Alors que la production pétrolière amorce un déclin structurel, le secteur minier gabonais, porté par le manganèse et une volonté de transformation locale, devient le nouveau centre de gravité de l'économie. Le diagnostic du FMI est sans appel : l'appareil statistique actuel ne permet pas de capturer avec précision la contribution réelle de ce secteur. Cette opacité est d'autant plus critique que Libreville multiplie les offensives stratégiques, à l'image du récent projet de montée de l'État au capital d'Eramet, affirmant ainsi un contrôle plus direct sur ses ressources souveraines.
L'urgence d'une meilleure surveillance est renforcée par les annonces de rupture dans la chaîne de valeur.
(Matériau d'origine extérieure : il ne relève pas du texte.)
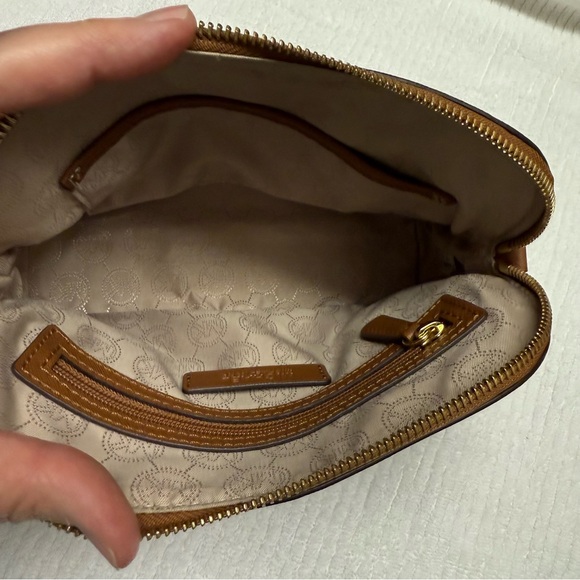 Michael Kors Brown Crossbody chain purse - Picture 14 of 16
Le gouvernement a récemment acté l'interdiction d'exporter le manganèse brut d'ici 2029, imposant une transformation locale systématique. Cette mutation industrielle, bien que prometteuse, va bouleverser la structure des recettes fiscales et des flux de devises. Pour le FMI, le futur modèle de projection (MPM) doit impérativement intégrer ces "chocs" de transformation industrielle pour éviter que la valeur ajoutée créée localement ne s'évapore hors des radars du Trésor Public.
Le paysage minier gabonais ne se limite plus au seul manganèse de Moanda. Le rapport du FMI insiste sur la nécessité d'inclure les nouveaux projets d'envergure, tels que l'exploitation de la potasse de la Banio ou le fer de Belinga, dans les prévisions à moyen terme. Ces projets géants sont des variables de croissance majeures qui, si elles sont mal modélisées, pourraient entraîner des écarts de prévision budgétaire colossaux. Sans un outil comme le "Macroframework Foundations Tool" (MFT), l'État risque de sous-estimer le potentiel de revenus de ces nouvelles concessions.
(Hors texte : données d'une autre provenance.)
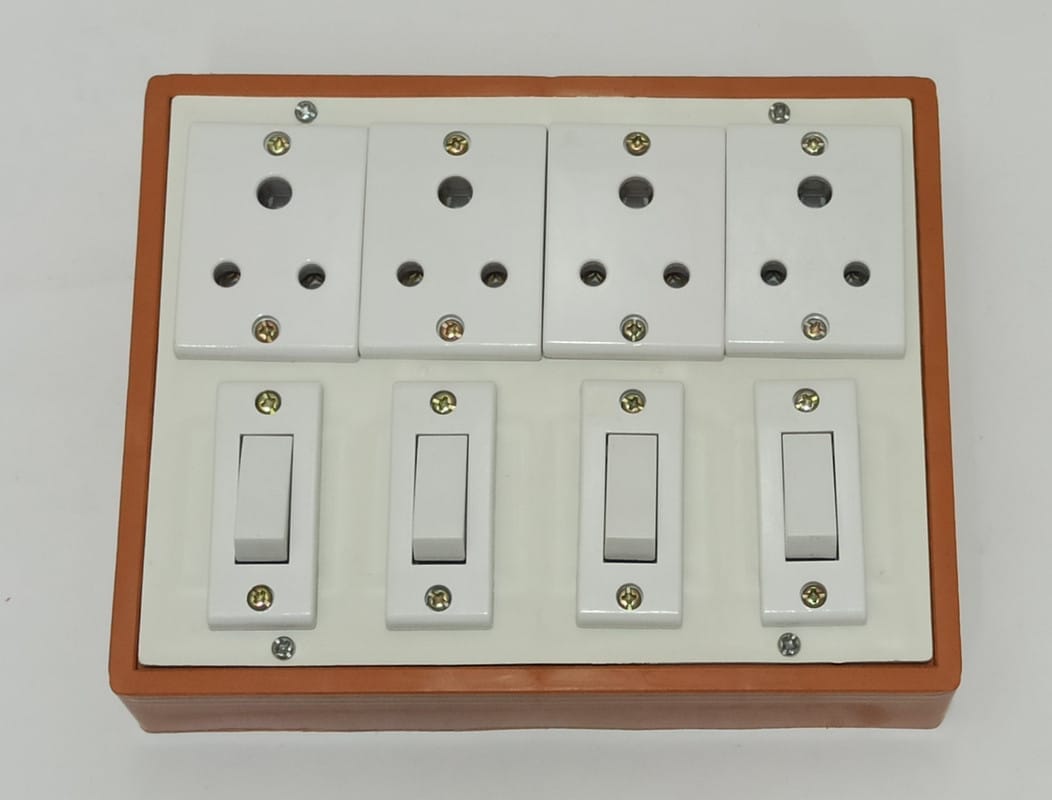 6A 4 Sockets (3 Pin Socket) & 4 Switch (Square) Extension Box with 6A Plug & 15m Wire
L'institution de Bretton Woods souligne que le secteur minier a été le principal frein à la croissance en 2023 en raison de la vétusté des infrastructures ferroviaires. L'évacuation de la production reste le goulot d'étranglement. L'intégration de données infra-annuelles fiables sur la logistique et les capacités de transformation est donc jugée prioritaire. L'enjeu est de passer d'une fiscalité de quantité extraite à une fiscalité de valeur transformée, ce qui nécessite une expertise que les outils actuels (le modèle MEGA++ de 2011) ne possèdent tout simplement pas.
La réussite de la transition post-pétrole du Gabon dépendra donc à ce stade, de sa capacité à dompter mathématiquement son expansion minière. Entre la montée au capital dans les fleurons industriels et les nouveaux projets de potasse, le pays se dote d'un arsenal minier de premier plan. Le passage au nouveau modèle macroéconomique marque le début d'une ère de transparence où chaque étape de la transformation locale pourra être auditée et anticipée, garantissant que le futur géant minier soit enfin le premier contributeur au développement national.